Let’s, in fact, say that our boss has given us this spreadsheet full of information with a bunch of different users and products they’re going to buy and amounts of products and all that stuff. All that data needs to be entered into our system. It would be very inconvenient if we had to create a separate test case for each individual line in this spreadsheet. I’d go right out of my mind with boredom and tedium. I’d imagine most of you guys would, too.
But what our data-driven testing capabilities allow us to do is read data in from a spreadsheet-- feed it into our application. And that way, we only create our test case once. And we can add new test cases to our data source, like this Excel file, as needed.
What is Data-Driven Testing?
Data-driven testing (DDT) is data that is external to your functional tests, and is loaded and used to extend your automated test cases. You can take the same test case and run it with as many different inputs as you like, thus getting better coverage from a single test. This could be an Excel document, an XML file, a MySQL database, etc.
The data is what drives the test, henceforth, why it is called data-driven testing. Data-driven testing can save time and money for a development team because you don’t need to test each piece of data manually, but rather with the help of testing software, such as TestComplete, you can automate the testing process. You may also change the parameters of the test case to reuse the test case as many times as you like in other instances.

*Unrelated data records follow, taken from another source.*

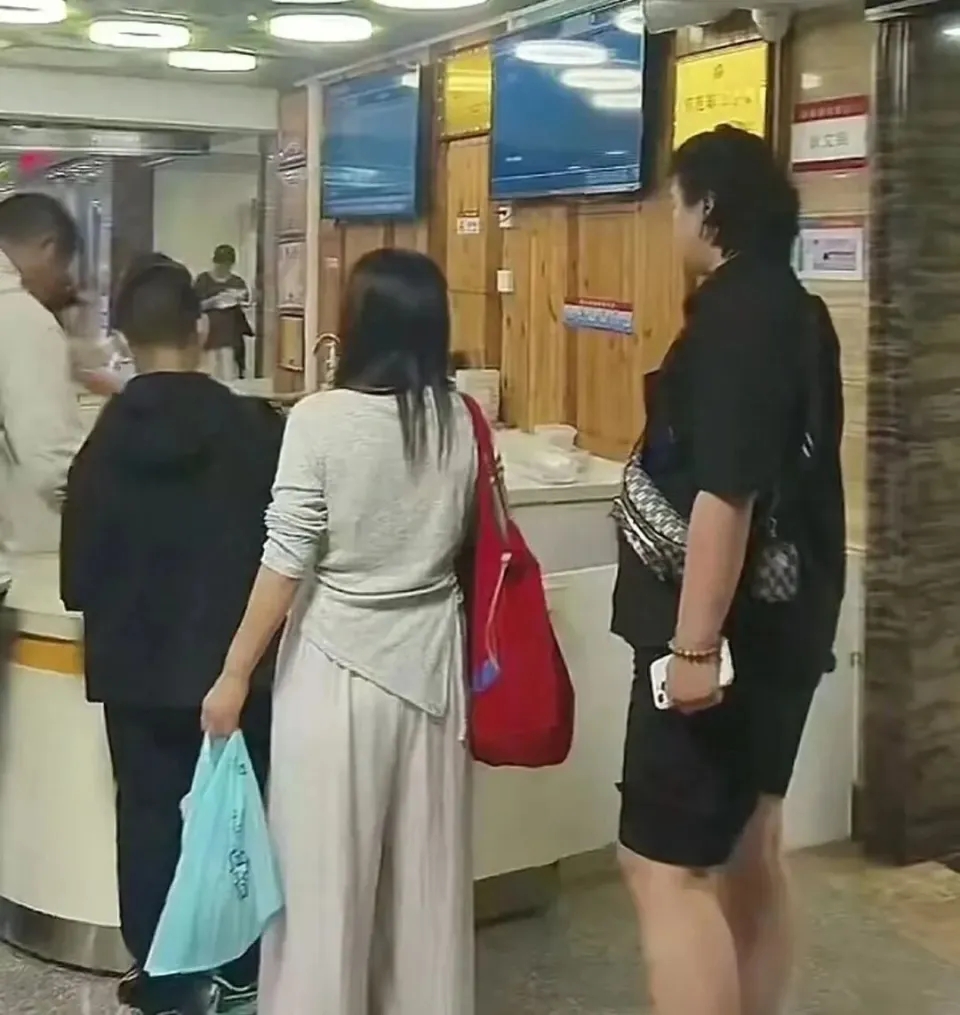9月9日凌晨5點左右，河北省兒童醫院急症室現場。 縱覽新聞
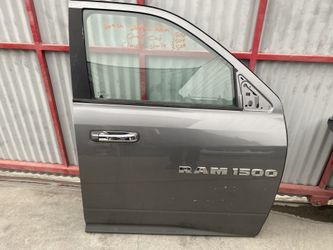 2009-2020 Dodge Ram 1500 Right Front Door
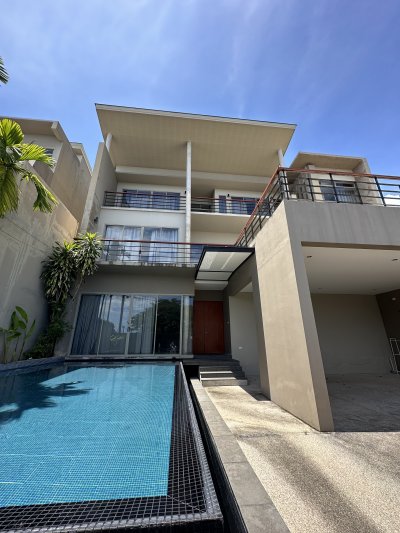8R0069 ให้เช่า Pool villa 4 ห้องนอน 3 ห้องน้ำ เดือนละ 120,000 บาท โซนฉลอง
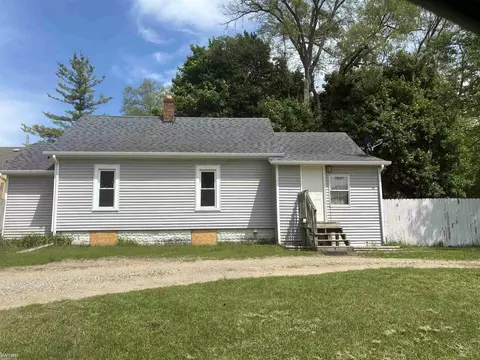 2222 Francisco, Flushing, MI 48433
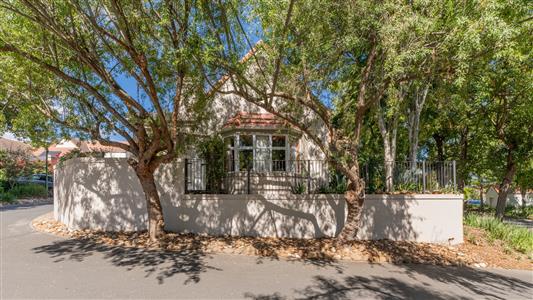 House For Sale in Boschenmeer Golf & Country Estate, Paarl, Western Cape - M126916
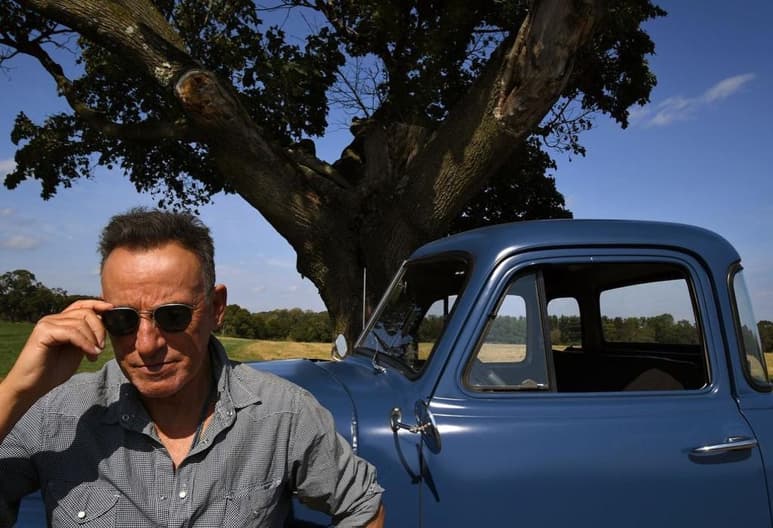 Bruce Springsteen figuró entre el grupo de orgullosos padres que observaron la ceremonia en la que sus hijos se convirtieron en nuevos bomberos. (INSTAGRAM)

Using DDT, we can also setup positive and negative test cases into a single test. Positive test cases tests whether the input data within specified boundaries holds true. For instance, a date of 4/12/2013 in the date field will presumably work because it is a date in the correct format. This test would not pass if the test concluded that this is false and gave us an error. Contrary to positive-test cases, negative test cases tests input data that does not fall within the boundaries of that data entry.
For instance, if you entered 40/40/40 into a date field on a spreadsheet, you should receive back an error that this data is invalid for this particular field. If you do not receive an error for invalid data then the negative test fails.
A Visual Example of Positive vs. Negative Testing
What is a framework and how does this help me?
In order to setup a data-driven test case more quickly, we must understand what a framework is and how we can use it to make our lives easier. Simply put, a framework is a library or set of libraries that contain reusable code. In the case of test automation, we refer to this framework
as our test automation framework.
Long ago, in the late 1990’s to be exact, a group of developers sat down to start writing code for their groundbreaking application idea. When they came to consult one another with their code review a few weeks later, they came to the realization that in certain instances they wrote the same code.
For instance, they all wrote code for a radio button. They learned that code is reusable and writing code for a radio button ten times over is not only redundant but a big waste of time and money. This led to the creation of frameworks or libraries of reusable code.
In DDT, the use of frameworks allows us to quickly grab code that has already been written instead of writing it from scratch. Whether it be the ability to pull a script from a framework or the software’s ability to easily find and fix errors within a script, you don’t need to be an able programmer.